Start parsing chinese words

In [None]:
input_file = './data/wiki_zh_sample'
output_file = './data/wiki_zh_corpus'
parse_zh_words(input_file, output_file)

Let us take a look at the first 10 lines of the corpus.

In [None]:
f = open("./data/wiki_zh_corpus", 'r', encoding='utf-8')
if(f):
    for i in range(10):
        print(f.readline(), end='')

After the corpus data's processing is completed, we need to upload it to S3 so that it can be consumed by SageMaker to execute training jobs. 

In [None]:
train_channel = prefix + '/zh-train'

sess.upload_data(path='data/wiki_zh_corpus', bucket=bucket, key_prefix=train_channel)

s3_train_data = 's3://{}/{}'.format(bucket, train_channel)

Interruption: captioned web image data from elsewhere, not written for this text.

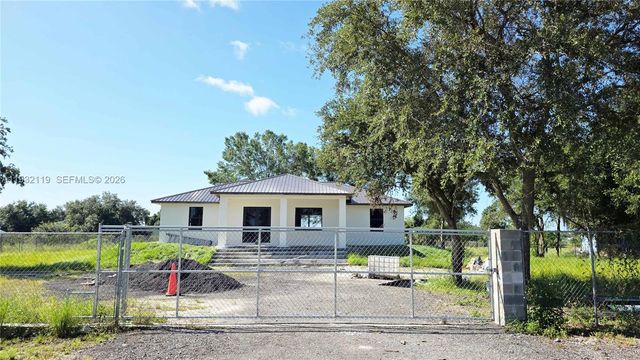430 Bald Cypress Ave, Clewiston, FL 33440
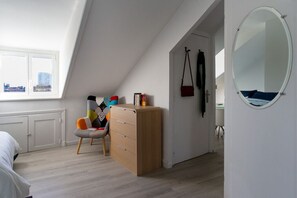 1 chambre, fer et planche à repasser, lit parapluie, Wi-Fi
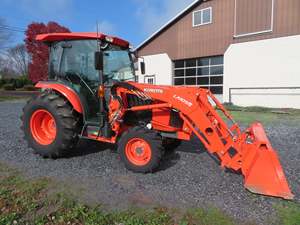 Tractor Kubota LA1055 Usado de Calidad a Bajo Precio con Cargador Frontal de 60hp, Caja de Cambios de 220v y Componentes Esenciales en Venta - Product Image 6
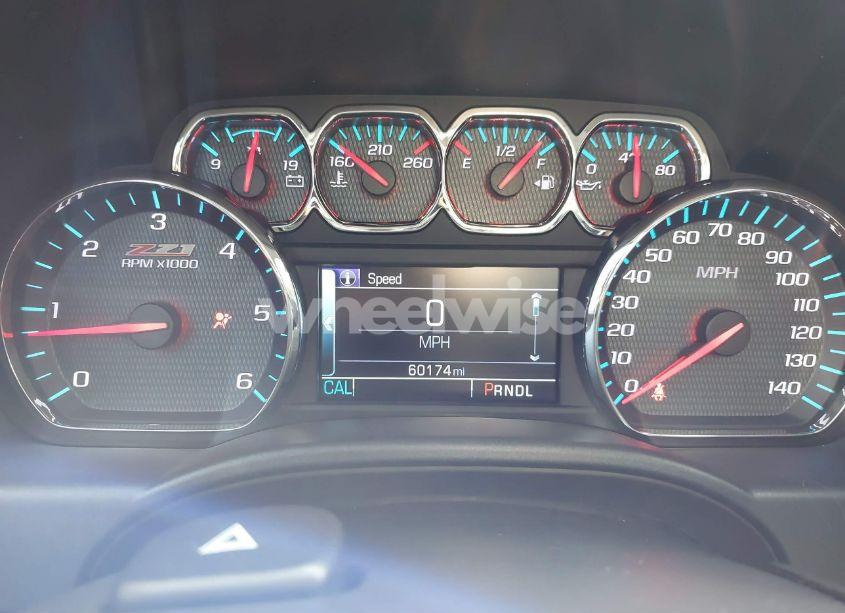 Photo 7 of 2018 Chevrolet Silverado 1500 2LT (VIN 3GCUKREC8JG110116)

Next we need to setup an output location at S3, where the model artifact will be dumped. These artifacts are also the output of the algorithm's training job.

In [None]:
s3_output_location = 's3://{}/{}/zh-output'.format(bucket, prefix)

## Training Setup
Now that we are done with all the setup that is needed, we are ready to train our object detector. To begin, let us create a ``sageMaker.estimator.Estimator`` object. This estimator will launch the training job.

In [None]:
container = sagemaker.amazon.amazon_estimator.get_image_uri(region_name, "blazingtext", "latest")
print('Using SageMaker BlazingText container: {} ({})'.format(container, region_name))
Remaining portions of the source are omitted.